On 12th May it reported from the Financial Times that some of the market in carbon offsets is going to oil companies to pump carbon dioxide into oilfields – a process they would have done anyway, to extract more oil.


In the process of industrial transformation from high-carbon-emission energy to low-emission sources, we are going to see a wide range of sub-optimal industries flourish, all with their own barrow to push. The coal industry, for example, is trying to hang on by any means. Clean coal is the major oxymoron bandied about; another is Combined Heat and Power stations (CHP) – New Scientist again, 28th April.


The key issue here is that there is so much already massive investment in dirty energy, and those investors are going to vigorously defend it. Emerging energy industries – solar, wind – are still relative minnows, and their voices and lobby dollars are consequently miniscule.



Remembering that the last ten years of climate change inaction were due in large part to the coffers of vested interests.


Another ominous voice arising – on the back of existing industry and financial resources – is biomass energy. Whereas this once revolved around harnessing waste, the loudest voices now belong to those proposing to harvest crops grown specifically for biomass energy production. This cannot be seen as a positive at all.
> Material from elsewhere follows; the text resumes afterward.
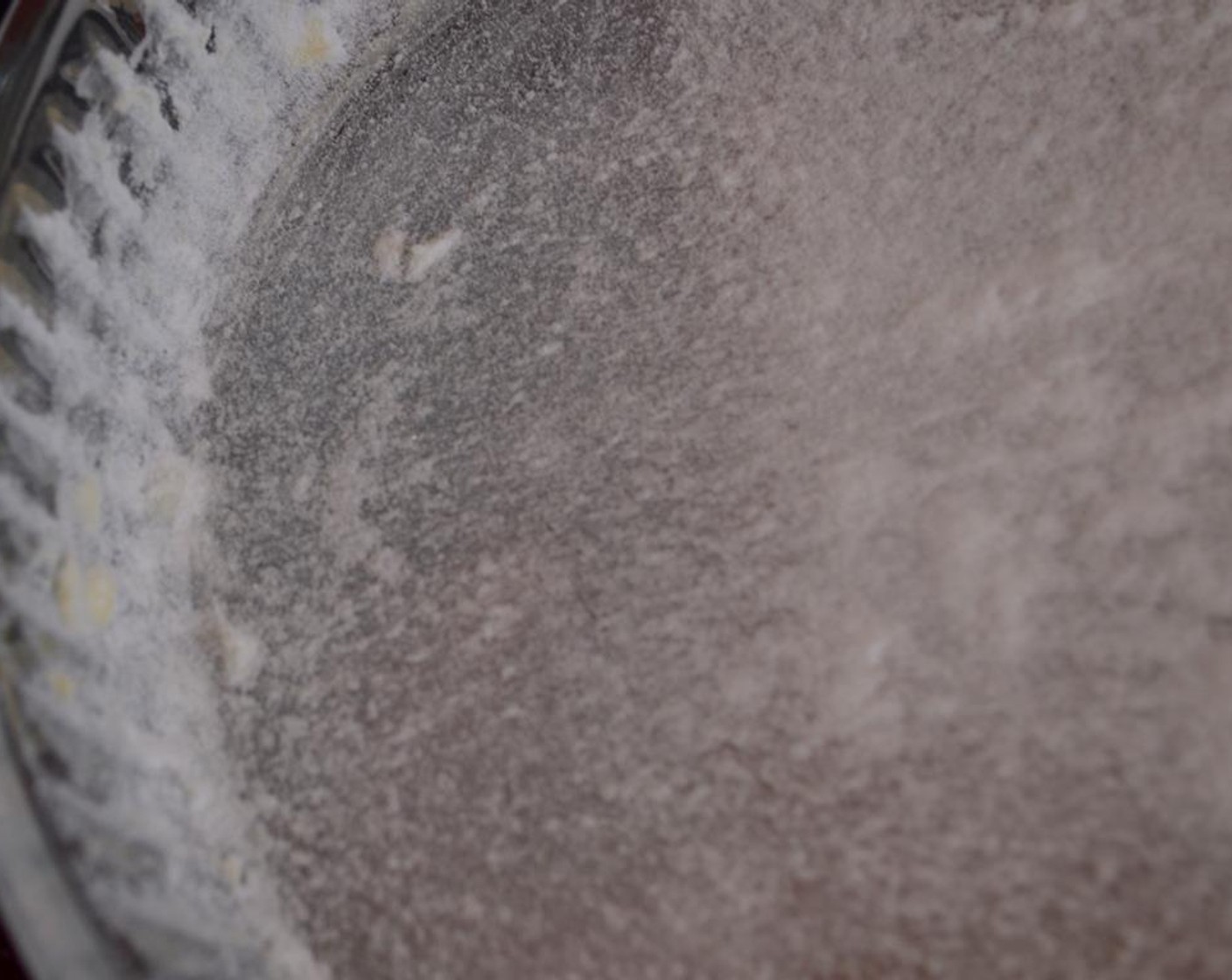 step 1 Line the interior of a glass baking dish with Butter (1/2 Tbsp) and sprinkle with spoonful of Powdered Confectioners Sugar (to taste).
Such activity would not only exacerbate the problems with broadacre farming by agribusinesses whose reinvestment in the soil is scant, not only will it divert agriculture away from food production – especially at the margins where food is most needed – but it will also accelerate the destruction of wilderness in places like Brazil and Indonesia.
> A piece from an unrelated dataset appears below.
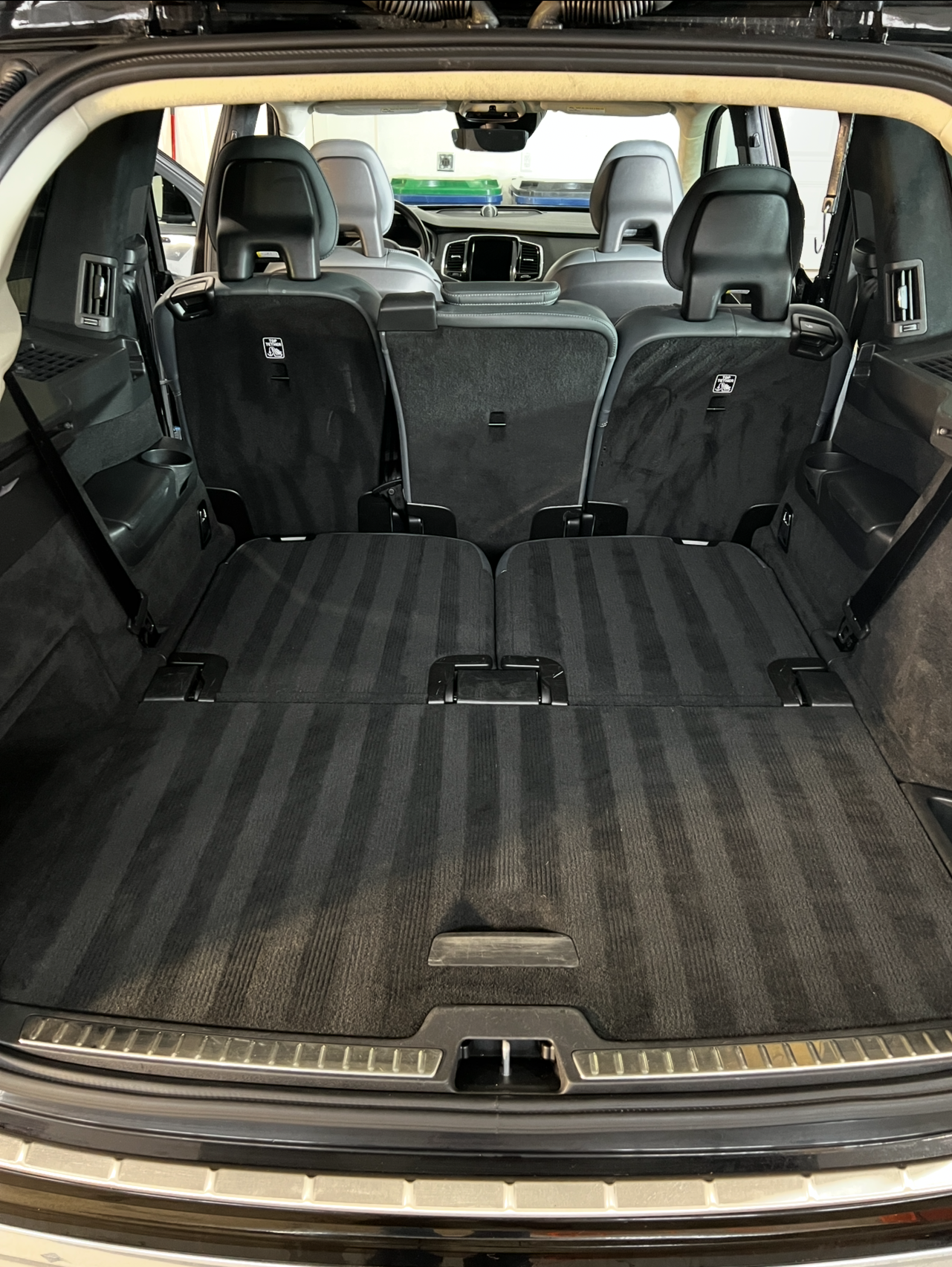 The back of a car with the trunk open and the seats folded down.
The bottom line on energy production is not to shut down economic activity, but to switch energy production to those areas that make the most intuitive sense – properly renewable energy. And I can only see one source that is no-impact and – on our timescale – limitless.

The sun.

2 comments:

Anonymous said...

And when you build wind mills people complain (and lodge objections) about the loss of the sky line - the loss of a unique profile. Gee do these people want to go nuclear instead !

S Simmonds said...

I might have mentioned my caution on wind energy before.

I'm not convinced that wind energy has a low enough impact on the environment. Yes, you can mention complaints about loss of amenity (visual pollution), but there's also issues of wildlife impact, and just one mention I heard of the potential impact on wind flows.

My preference will always remain with solar energy - it's the most renewable, and smallest impact. That's why I've opted for the electricity supplier that is 100% solar, not just a mix that may include wind or biomass.